LE CHANGEMENT CLIMATIQUE ACCRUT DE L’INCERTITUDE

Les chercheurs s’accordent à dire que le changement climatique est à l’origine de cette tendance. « Il engendre des conditions plus variables et extrêmes », explique Ballesteros, qui souligne que la hausse des températures et l’irrégularité des précipitations fragilisent le manteau neigeux, notamment en fin d’hiver. Cela accroît les risques pour les activités sportives et professionnelles en montagne.

De même, l’OPCC souligne que des séries de données plus complètes font encore défaut pour certaines altitudes des Pyrénées, ce qui rend difficile l’établissement de tendances statistiques définitives . Malgré cela, il existe un consensus sur le fait que les changements climatiques modifient la fréquence, le type et le moment des avalanches.

Le constat est clair : moins de neige en basse altitude, mais une plus grande instabilité en haute altitude. Cela implique moins d’événements dans les zones de basse altitude, mais une plus grande incertitude et une augmentation des avalanches humides en haute altitude, avec un comportement plus imprévisible.
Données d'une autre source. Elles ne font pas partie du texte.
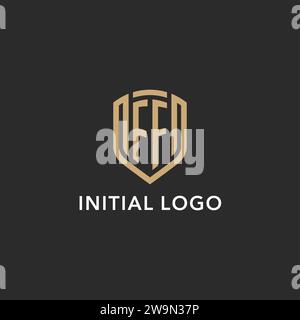 Luxury FF logo monogram shield shape monoline style with gold color and dark background vector graphic Stock Vector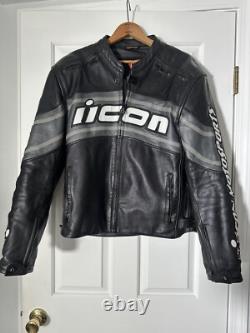 Icon Daytona Motorsports Black/gray Leather Jacket Size L Riding Street Gear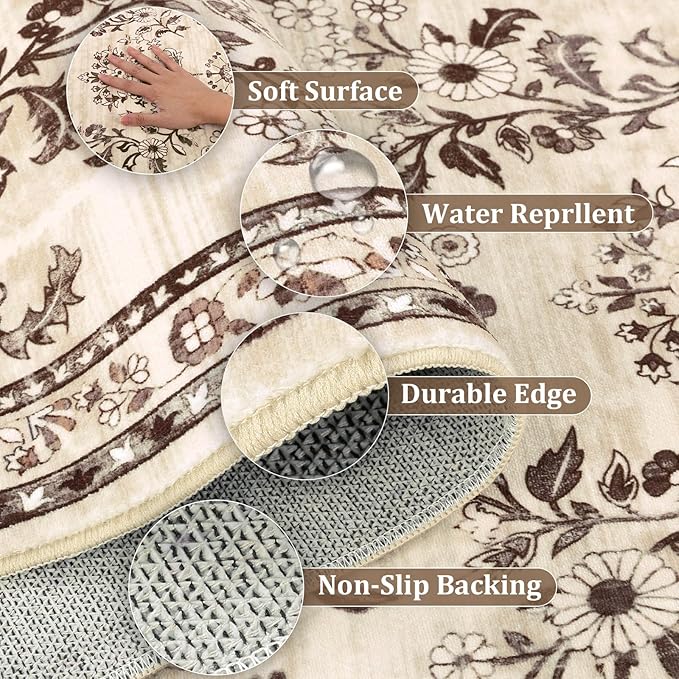 Yamaziot Washable Runner Rug 2x12 – Floral Non Slip Boho Hallway Runner Rug - Image 4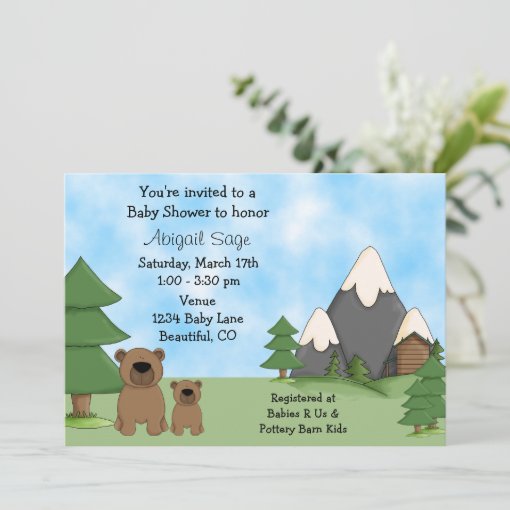 Cute Bears, Mountains and Cabin Baby Shower Invitation | Zazzle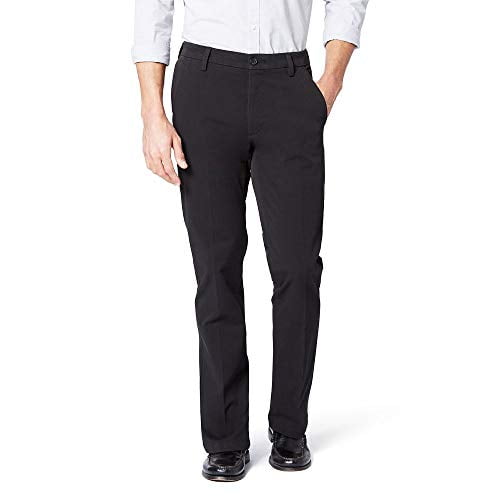 DOCKERS Men's Slim Fit Workday Khaki Smart 360 Flex Pants, Black (Stretch), 34W x 32L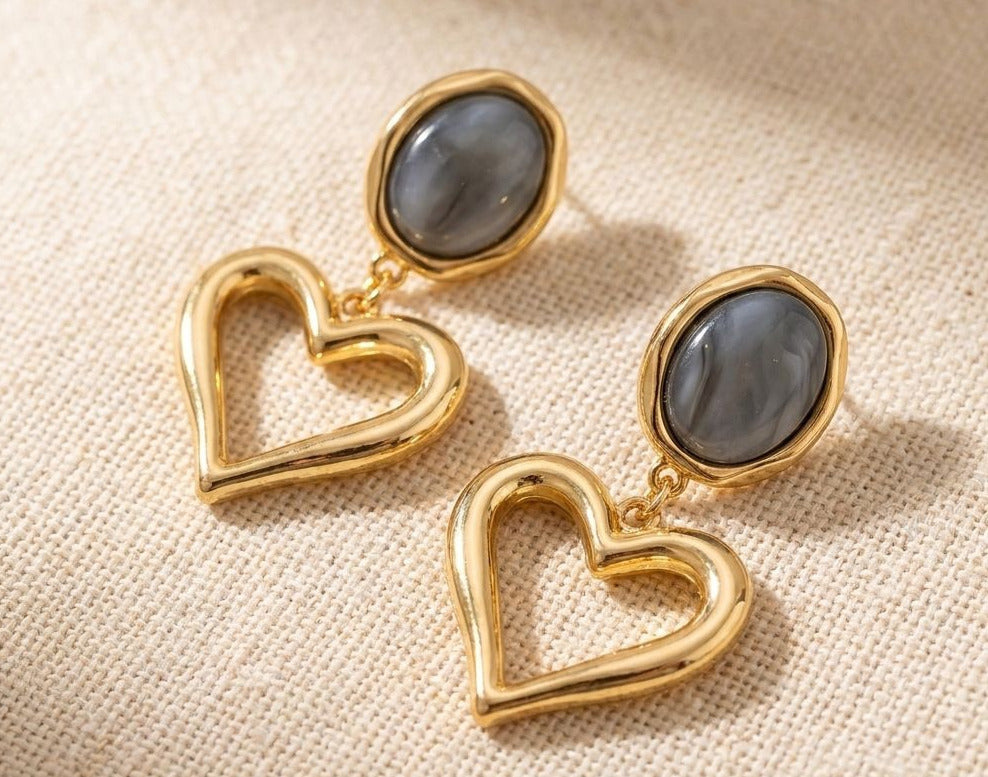 Elegant Heart Shaped Drop Earrings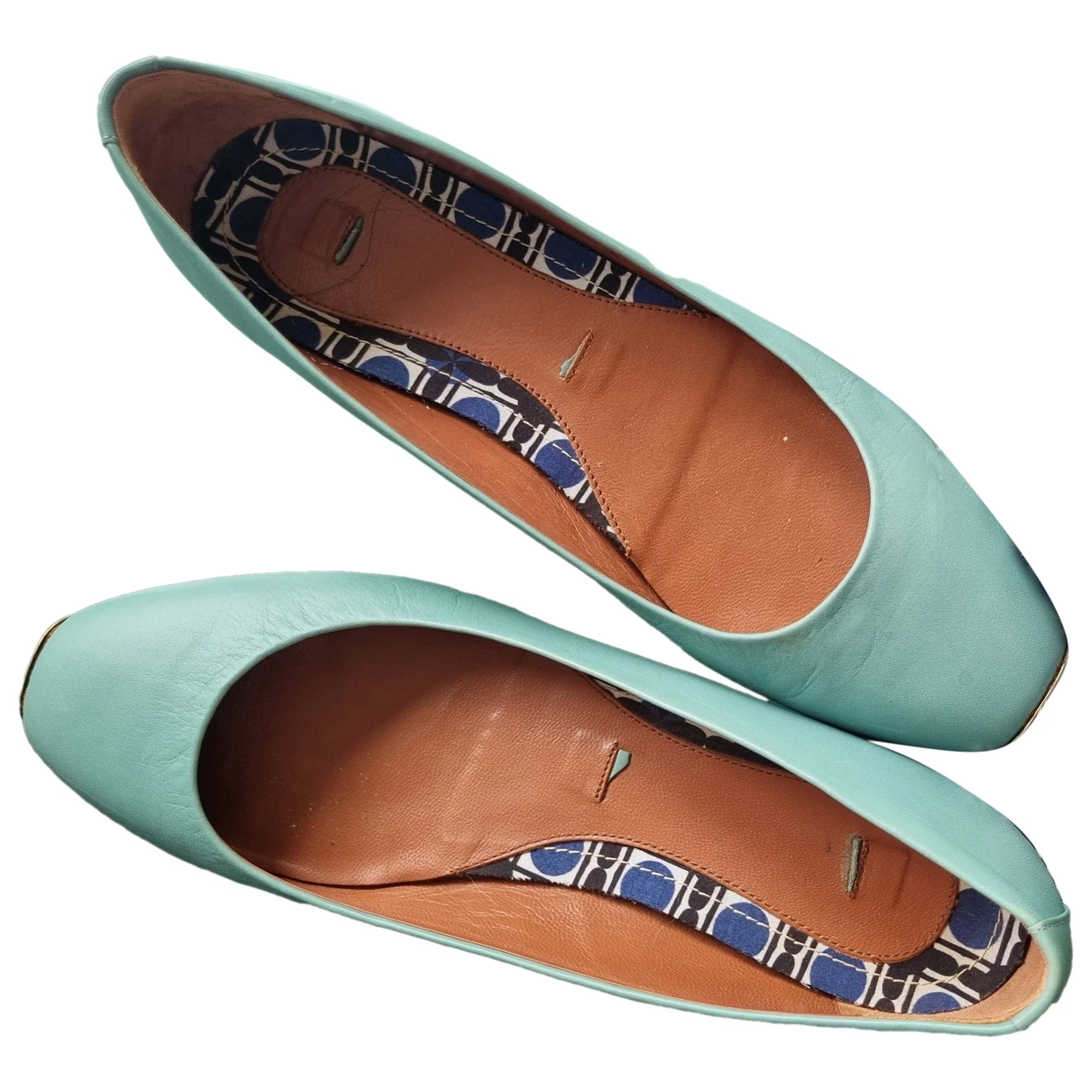 Pre-owned Max & Co Leather Ballet Flats In Turquoise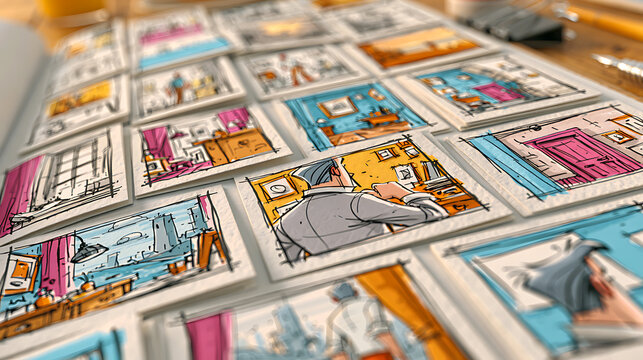 Collection of hand drawn animation frames displayed on a wooden surface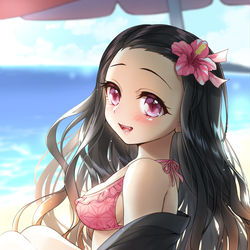 This is a pixiv picture whose title is 夏の禰豆子.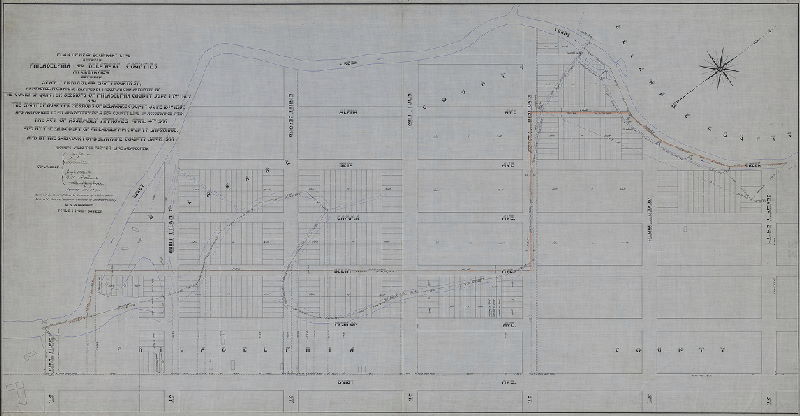 Plan, Plan of boundary line between Philadelphia and Delaware Counties. Clearview section, Seventy-eighth St. and Eighty-fourth St. as surveyed fixed and determined by the Commission appointed by the Court of Quarter Sessions of Philadelphia County June 10th 1902 and the Court of Quarter Sessions of Delaware County June 16th 1902... showing also the former line abandoned. [See RC-ZZ-3 for similar], 1908
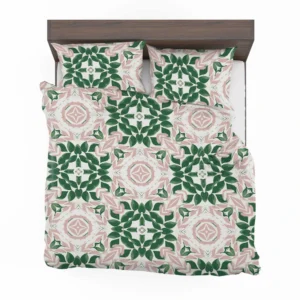 Green Pink Unique Floral Design Bedding Set 2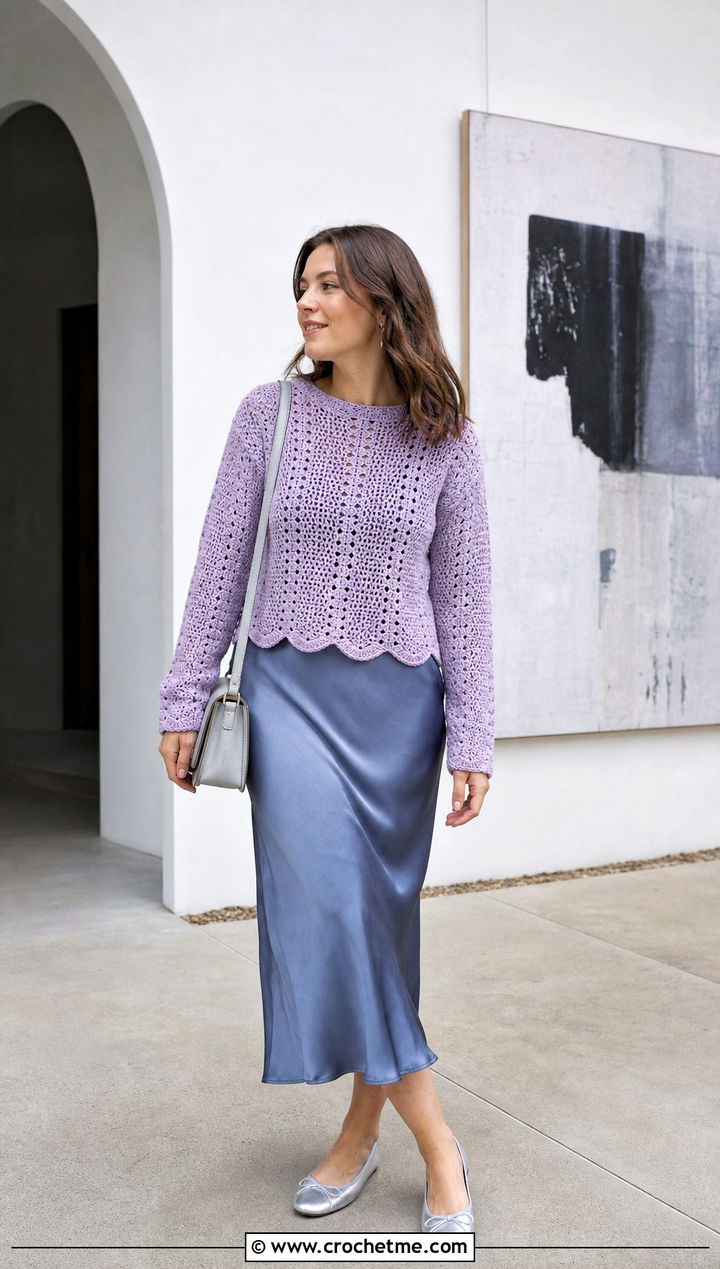 Scallop Edge Crochet Crewneck Sweater With Slip Dress - 30 crochet crewneck sweater outfit ideas
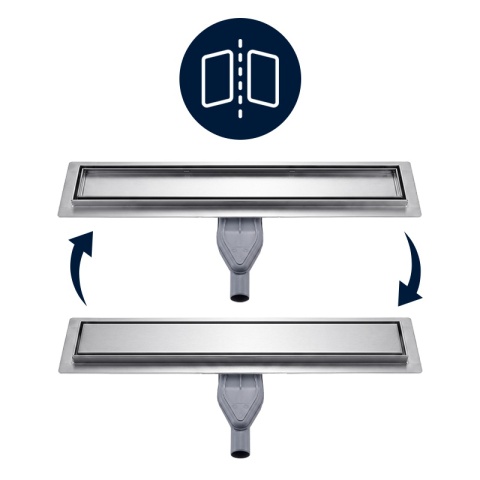 ODPŁYW LINIOWY 90 CM OBROTOWY INOX NISKI SYFON 52 MM WYSOKA PRZEPUSTOWOŚĆ DL05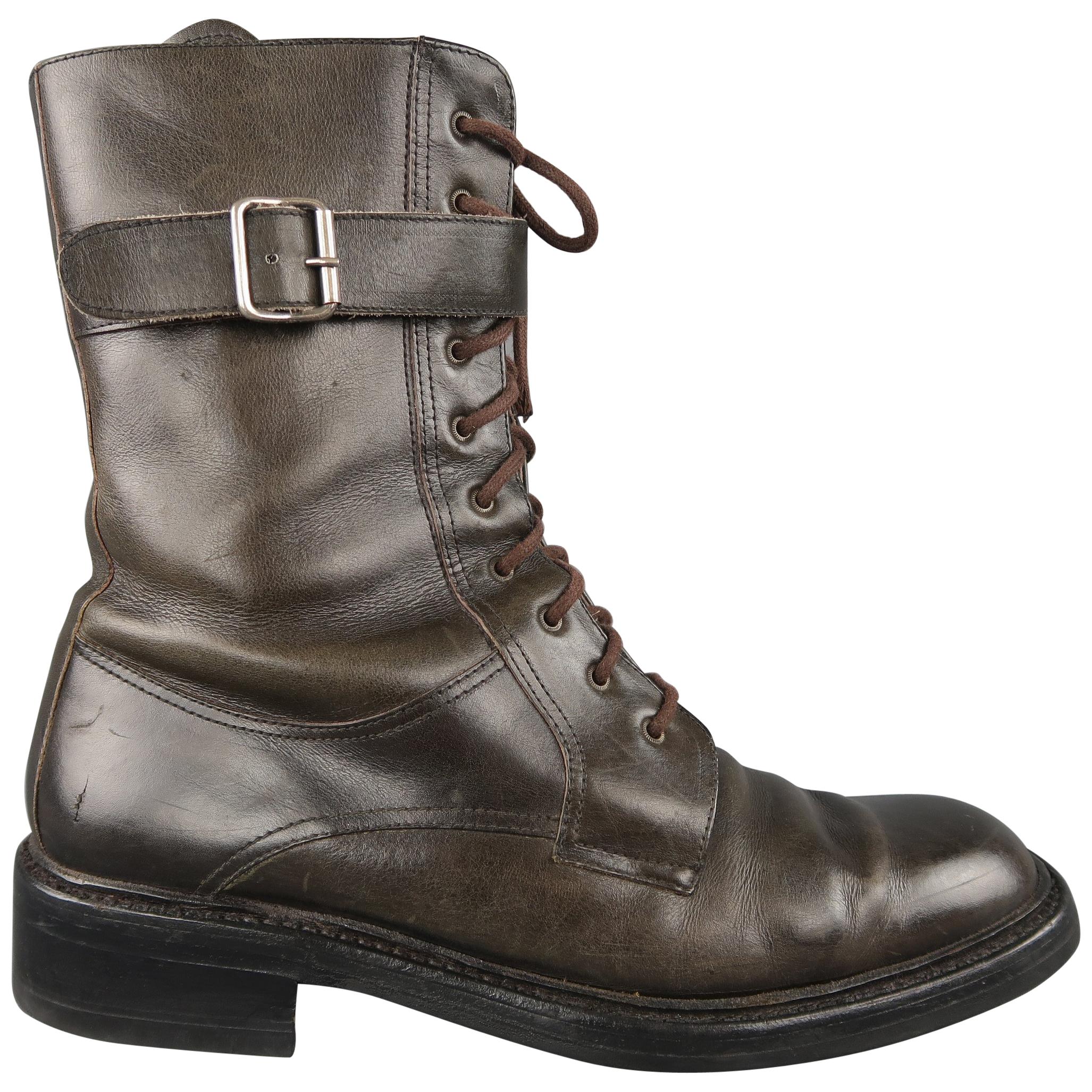 Prada Taupe Leather Ankle Strap Combat Boots / Shoes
PLUS DE DONNÉES POUR ANTICIPER LES RISQUES

Le projet Pyrenees4clima encourage également de nouvelles pistes de recherche, comme la création de bases de données plus complètes sur l’épaisseur de neige et la mise à jour des projections climatiques pour les Pyrénées. L’objectif est d’améliorer la capacité d’anticiper ces phénomènes.

Les organismes chargés de la sécurité des points de passage frontaliers, tels que Portalet et Bielsa-Aragnouet , insistent sur l’importance du partage des données nivologiques et météorologiques entre les services gouvernementaux, les services d’urgence et les gestionnaires d’infrastructures. Analyser chaque avalanche « presque comme une autopsie », soulignent les experts, permettra d’« en tirer les leçons ». Ces connaissances, concluent-ils, seront essentielles pour adapter les Pyrénées à un avenir où la neige, tout en conservant un rôle central, deviendra de plus en plus imprévisible.